Saturday, 4 February 2012

Scene 2: Personality Check! or Writing Character Advice

Only my second post and I am already disappearing behind the scenes and into scriptwriting to say hooray! Because I think I've finally figured out how to create a well-rounded 3D character before I write them into a script.


Creating a realistic but interesting character is, at least I think, key to a story. Good characters can relieve bad or messy plotting/story to some extend, whilst a good plot can be tainted by badly created characters - possibly, I was going to use Lesbian Vampire Killers as an example, but I wasn't to desperately impressed witht the plot there either, let alone James Corden's character - the actor himself is fine, its just the character that annoyed me. 


Back to the point, I recently purchased yet another book on scriptwriting called Lew Hunter's Screenwriting 434, which impressed me by not seeming to complicated in its approach and not to bogged down in some sort of complex theory. It's advice on character building was looking for the soul of the character by writing out a description, not one of these descriptons:


Name: Sophie Miller
Age: 24


Sophie Miller is a magazine journalist, who lives in London. She moved there from North Yorkshire two years ago after studying English and Journalism at university. She has a chic apartment in the good partof town. She plays tennis, likes Gucci shoes. She has a boyfriend called Nick who is a finanical consultant. etc. etc.


Which I had been using, for some strange reason - despite the fact that Robert McKee's book  Story had pointed out that character should not be a list of traits and ticks, but should be shown through action and how they react - which is good advice too. 

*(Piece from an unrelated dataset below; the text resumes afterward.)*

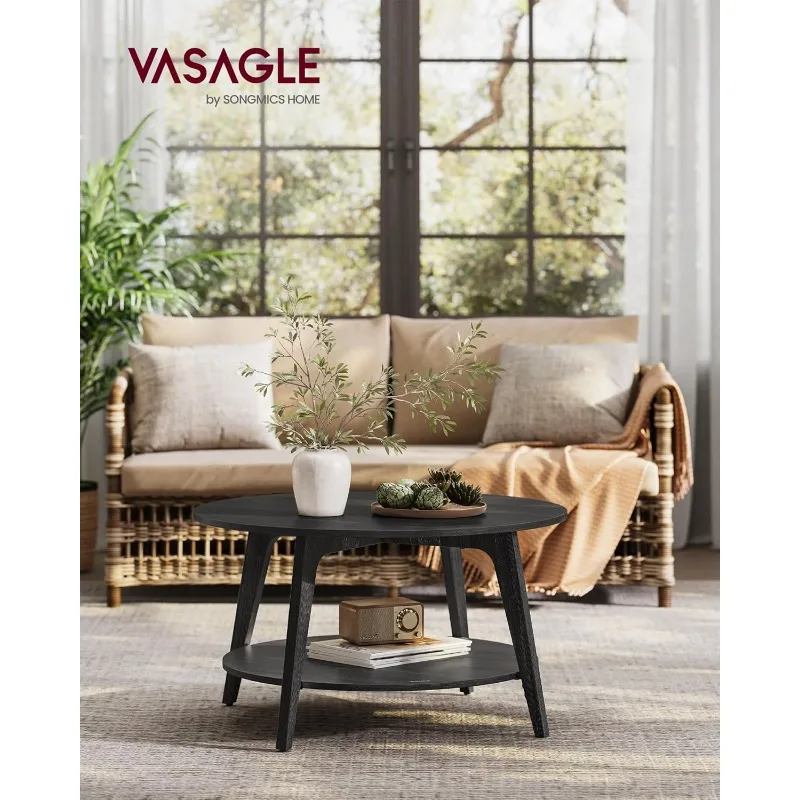 Round Coffee Table,2 Tier Coffee Table with Storage,for Living Room,31.5 x 17.7 Inches, Easy to Assemble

So, anyway, the examples given in Lew's book went something like this instead:


Sophie Miller looks like any normal young office worker at a London magazine - all fashionably dressed, tidy hair and a neat smile. Her only give away is the slight accent, slightly Northern, though she's tried very hard to lose it. Sophie abandoned the hills of Yorkshire two years ago for the dream life of posh restuarants, sharp suited, attractive boyfriends, expensive shoes and yoga lessons. The lifestyle she'd read about in the glossy magazines of the Sunday papers she read as a girl. Now she has it, the finanical consultant boyfriend Nick, the chic apartment, the tennis matches against the glamourous next door neighbours - and she hates it. The London buildings seem to push out the sky. She misses cycling down to the local swimming pool on hot days, and hates spending her time in an office writing about handbags. She's bought tons of handbags now, and she knows, that no matter how expensive they are, they won't change your life. 


As you can see, this sums up the persons thoughts, feelings and here, even their inner conflict. It's not quite as good as the book examples, but you see what I mean about soul? You may not know her favourite type of shoe, but you know her. I would reccomend this exercise to all writers, it really gets you in the mind-set of the character, and I'm definitely using it from now on.